I’ve got a relatively simple problem (I think) and I want to solve it in a fast and efficient way.
I want to count the number of different elements in a vector up to each point in this vector.
For example, in a vector like this
vec <- c("a", "b", "c", "a", "a", "c", "d", "a")
I want to get the following vector of equal size as a result:
[1 2 3 3 3 3 4 4]
I could solve this of course with a for loop in combination with cumsum():
vec <- c("a", "b", "c", "a", "a", "c", "d", "a")
res <- T
for (i in 2:length(vec)) {
res[i] <- !(vec[i] %in% vec[1:(i-1)])
}
cumsum(res)
[1] 1 2 3 3 3 3 4 4
However, I am dealing with vectors that have several million elements and a for-loop approach takes forever for such a relatively simple problem.
I have the intuition that this should be solvable much faster and more clever. Do you have any ideas? Thank you!
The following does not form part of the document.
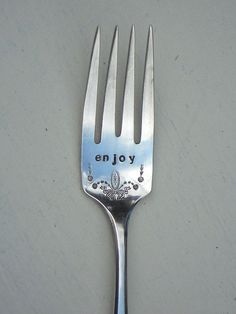 a close up of a fork with the word enjoy written on it's side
(In case you’re interested: I need this for a vocabulary growth curve analysis where we want to know at each point in the text how many different words, i.e. types, have been observed so far.)
>Solution :
Use cumsum on the non (!) duplicated values:
cumsum(!duplicated(vec))
#[1] 1 2 3 3 3 3 4 4
And another approach with match:
uni <- vector(length = length(vec))
uni[match(unique(vec), vec)] <- TRUE
cumsum(uni)